The engagement with analysts was the first time Deepak Rastogi, the new chief financial officer of Ola Electric, spoke in a public forum. On 19 January, the company informed the exchanges that Ola Electric’s chief financial officer Harish Abhichandani had resigned.
Aggarwal and new CFO Rastogi focused on the company’s efforts to reduce costs. “Another important point is the structural cost reset that we have done. And you see that about a year ago, our Opex cost was about ₹850 crores (reducing to ₹484 crore),” Aggarwal said during the call.
While analysts questioned the company on how it plans to get sales back on track, the management insisted that it has the competitive advantage in terms of vertical integration when it comes to lithium ion cells and other products. Aggarwal noted that competitors are currently focused on market share gains, while Ola is ready to wait for long-term gains.
In its shareholder letter, the company emphasized its focus on reversing the sales slump.

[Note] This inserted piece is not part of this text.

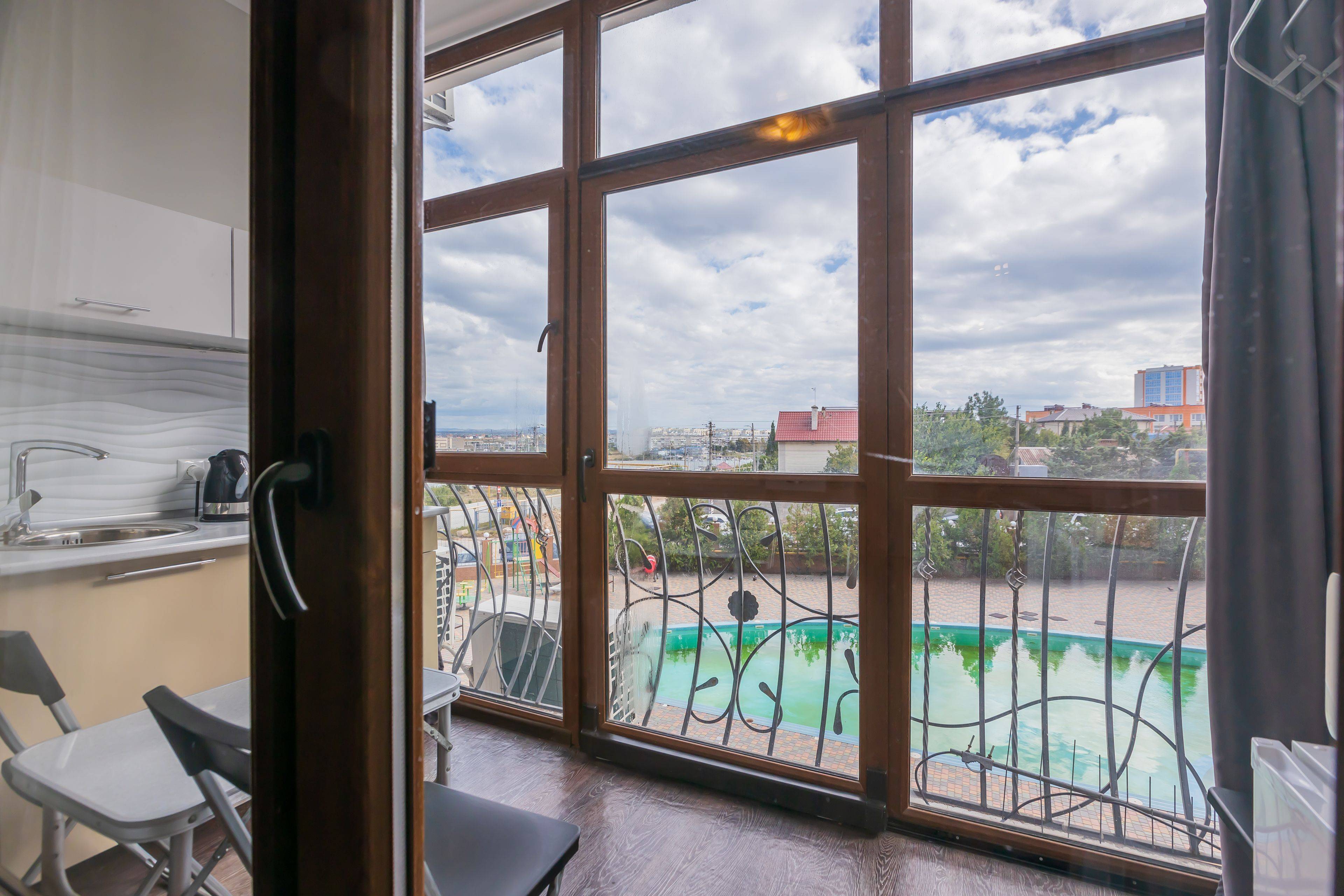 Двухместный номер с 1 кроватью и видом на бассейн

“As service performance stabilises fully, we expect the underlying strength of our product proposition to reassert itself in the market. As service metrics normalise and volumes recover, the combination of improved margins and a structurally lower cost base materially accelerates our path to profitability,” the letter said.
Ola’s performance was in contrast to its Bengaluru-based peer Ather Energy, which saw its losses more than halve to ₹85 crore from a year earlier as its earnings before interest, tax, depreciation and amortization (Ebitda) or operating margin improved by 16 percentage points from -19% to -3%.
Its total revenue surged 53% year-on-year ₹996 crore, driven by a 50% jump in e-scooter sales to 68,000 units during the quarter.
In the last one year, Ola’s shares have declined 52%, as against a 26% gain in Nifty Auto. On Friday, Ola’s shares declined 0.16% as against a 1% decline in Nifty Auto. Its results were declared after market hours.